Even CoCounsel, with its specialized focus, cannot replace lawyers—and isn’t meant to—but rather reliably and securely performs an array of tasks fundamental to legal practice. CoCounsel gives lawyers more time for things a machine can’t do—like thinking creatively, devising and applying strategies, and building and strengthening relationships with colleagues and clients—in the service of deepening their expertise, growing their practice, and serving more people’s legal needs. And it’s all possible because we’ve at last hit this extraordinary tipping point where “It’d be irresponsible for me to trust this product with my professional legal work” is fast becoming “It’d be irresponsible for me not to.” 
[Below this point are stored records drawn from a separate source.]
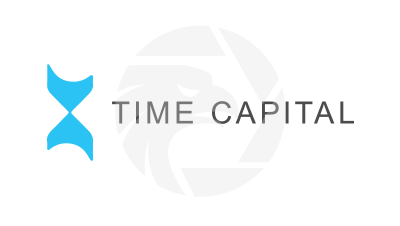 TIME CAPITAL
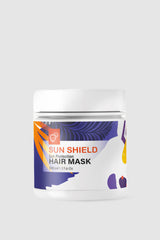 SUN SHIELD Sun Protection Set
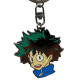 Keychain My Hero Academy Deku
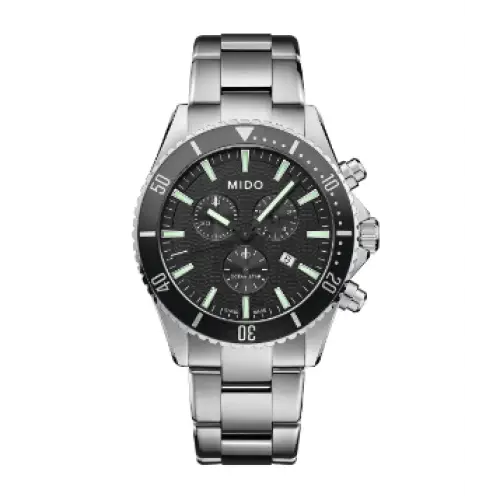 Reloj Mido Ocean star M026.417.11.041.00 - Relojes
CoCounsel has been described as a “force multiplier,” and according to Arredondo, this latest advance in the underlying model is “the most important thing that could happen for access to justice, because it amplifies what a single attorney can do.” This impact is particularly pronounced for the legal aid community, whose resources more often than not are severely limited. “We are profoundly failing to offer anything close to the ideals of just, speedy, and inexpensive resolution, and part of it is that it’s a lot of work to do that, it takes a lot of work to bring justice,” Arredondo concluded during the Legaltech webinar. “Having an AI that’s now sophisticated enough to provide a lot of that lift, I think enables now a lot more representation.”